Pubit!, système KDP à la sauce B&N

Les plateformes savent que l’auto-publication est un enjeu ultra-important

L’auto-publication explose. J.A. Konrath, Amanda Hocking, John Locke remplacent Stieg Larsson à la une des headers des sites internet. Ils vendent beaucoup, touchent beaucoup plus et démontrent qu’ils n’ont plus besoin des maisons d’édition pour trouver un public. Bien évidemment, les plateformes appuient sur ces symboles pour promouvoir une autre vision de la publication, une vision où l’agent et l’éditeur ne sont plus.

Ils appuient d’autant plus volontiers qu’ils ont les moyens de le faire. Le Top 100 Kindle regorge toujours de livres auto-publiés, disponibles à un prix inférieur à $4. Les maisons sont obligées de jouer le jeu et de revoir leur tarifs, de s’engager pleinement pour éviter qu’une bonne part du gâteau ne revienne aux indépendants. C’est une question de prestige et de visibilité. Etre dans le Top 100 (ou Top 50) est un achievement que l’on peut facilement mettre en avant pour booster les ventes, le New York Times ayant décidé de le publier. En outre, plus les consommateurs seront habitués à voir des livres peu onéreux dans ce Top 100, plus il sera intenable de distribuer trop cher.

Amazon le sait tellement bien, elle qui s’est servi de l’auto-publication comme d’un levier politique auprès des éditeurs, qu’elle évite la « catastrophe Hocking » en sortant son chéquier quand celle-ci décide de signer chez un éditeur contre 2 millions de dollars. Il faut choyer les auto-publiés, qu’ils aient du succès ou non, puisqu’ils sont utiles aux négociations avec les éditeurs traditionnels et permettent de garder un catalogue accessible pour les lecteurs.

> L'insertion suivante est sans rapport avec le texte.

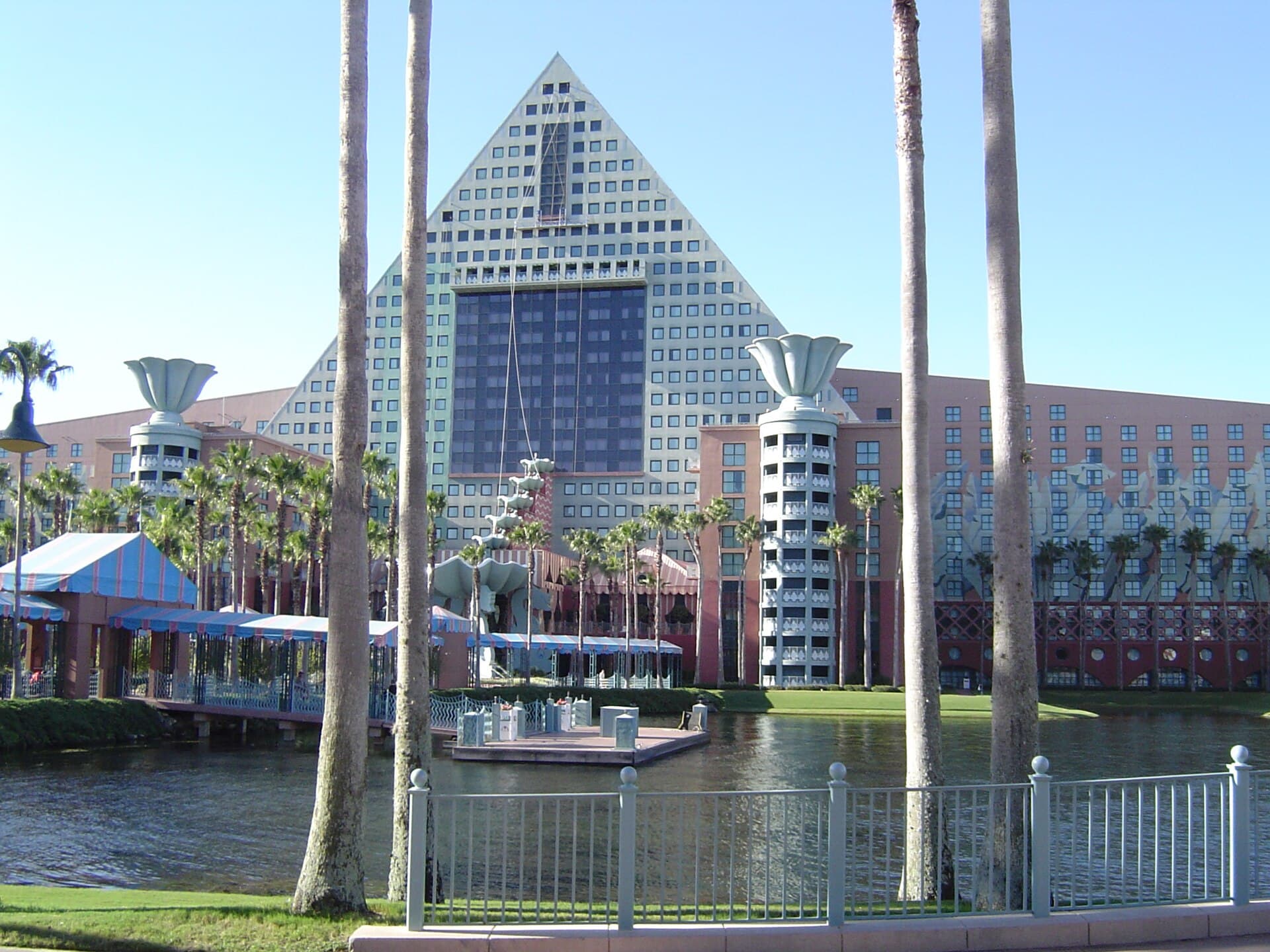 Walt Disney World Dolphin Resort (via Wikimedia Commons, Public domain)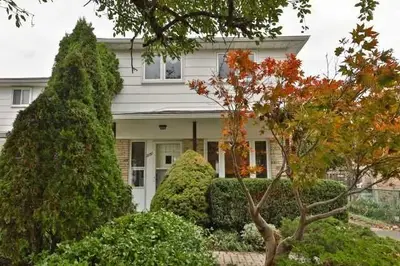 2151 Pashak Court, Mississauga, ON L5A 1H8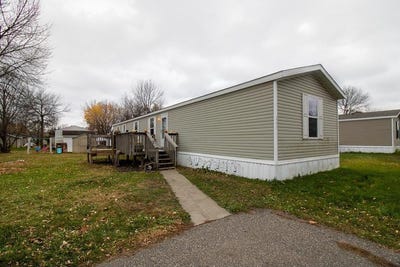 /international/us/111-newton-street-mankato-mn-110103336700/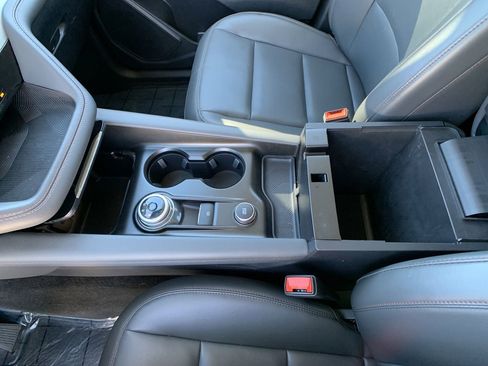 Used 2025 Ford Explorer Active w/ Active Comfort Package image 36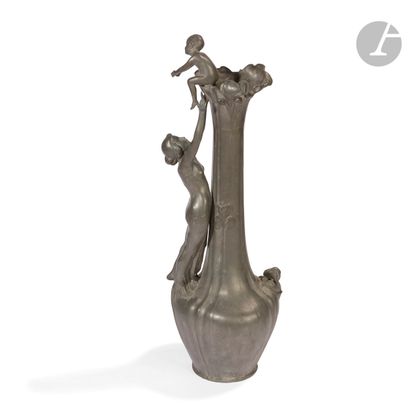 null TRAVAIL ART NOUVEAU 
Le jeu
Important vase en étain au décor en relief et en...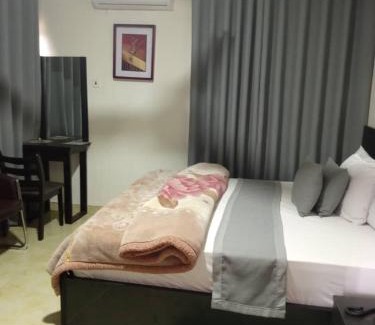 Amasaman Hotel | 105 Inn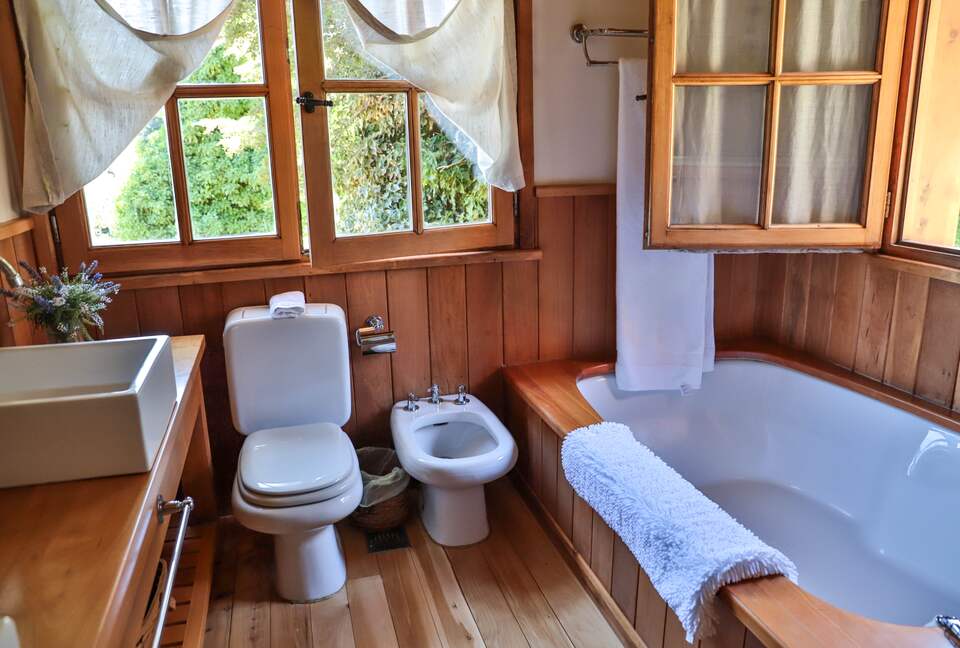 Argentinian Amazement with Boundless Access to Nature and Close to Catedral Skiing! - Bariloche, Argentina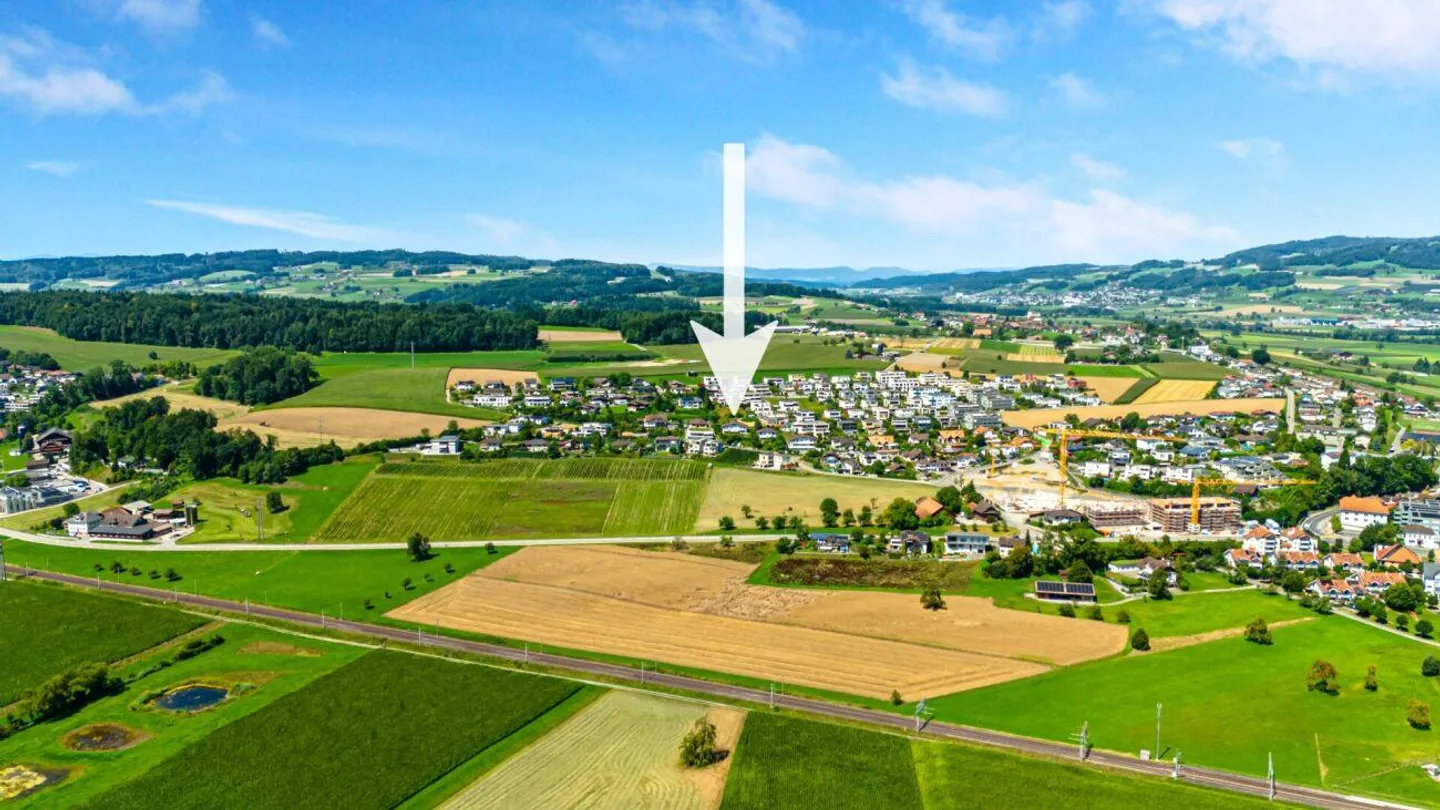 Casa angolare a schiera di 4,5 stanze in una posizione molto attraente e tranquilla - Foto 3 di 12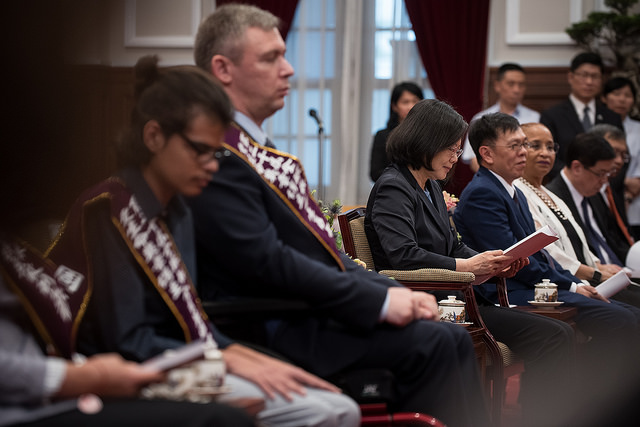總統推崇周大觀生命獎章得主　為臺灣帶來正面能量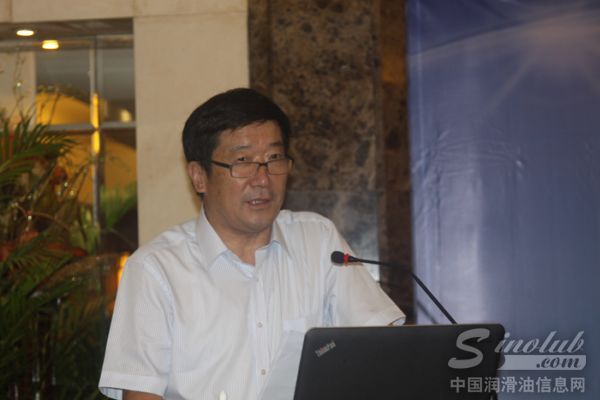 中国农机工业协会风能设备分会杨校生理事长发言题目《当前风电形势分析》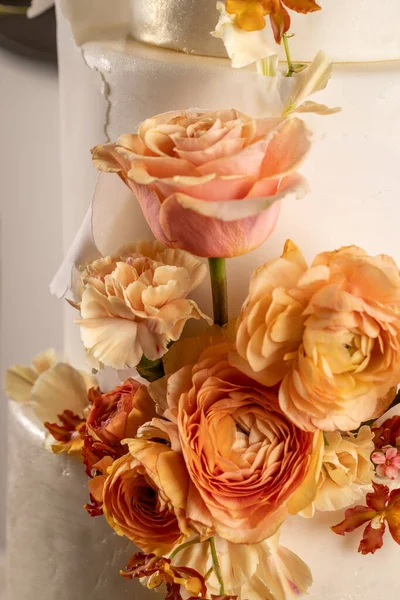 Bolo Casamento Simples Com Flores Close Fotos De Bancos De Imagens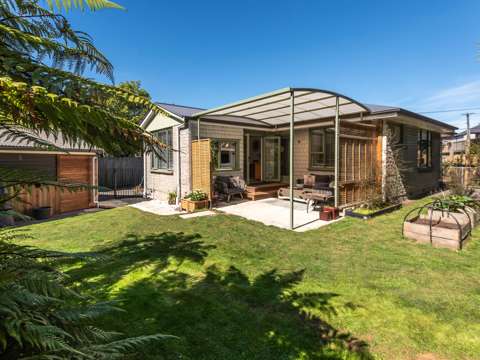 Saint Albans 3房  The Sweetest Home in Secluded Garden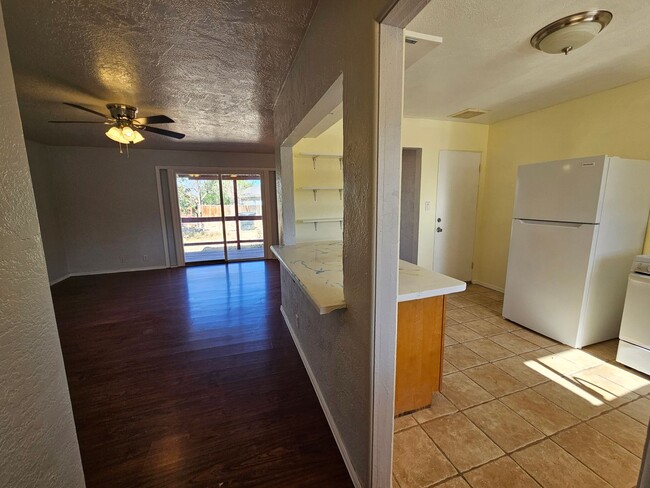 Building Photo - 3 Bedroom / 2 Bath Home with Refrigerated Air & 1-Car Garage 6 Month Lease!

Le géant commence même à publier quelques auteurs directement, devenant maison d’édition pour l’occasion.

BestSellers Kindle

Top 5 Kindle Juin 2011, remarquez les prix…

Et en France ?

Malgré le courage et l’abnégation de certaines plateformes (Feedbooks, Immatériel, Publie.net qui fonctionne sur un mode légèrement différent), l’auteur auto-édité est toujours un oublié dans l’écosystème mis en place aujourd’hui. Voir cet article pour s’en convaincre, les choses n’ayant pas réellement changé.

Même les pure-players sont parfois considérés comme des pestiférés dans l’écosystème numérique. Or, comme l’ont démontré les revendeurs US, les plateformes ont absolument tout à y perdre, tant au niveau de l’offre que du rapport de force avec les éditeurs.

Bien évidemment, ces services ne sont pas les seuls leviers sur lesquels les revendeurs se sont appuyés, mais force est de constater qu’ils ont largement servi leurs intérêts — il faudrait réellement écrire un bouquin pour apprendre à certaines plateformes françaises comment envisager le business e-book puisqu’elles semblent incapables d’analyser les stratégies de B&N, Kindle ou Kobo toutes seules…

Tant qu’une réflexion sur cet axe ne sera pas envisagée et que l’on refusera de faire confiance aux petits et aux indépendants, nous peinerons à imposer le livre numérique (d’autant plus que le prix unique est une hérésie sans nom et que les autres cultures n’arrivent même pas le comprendre).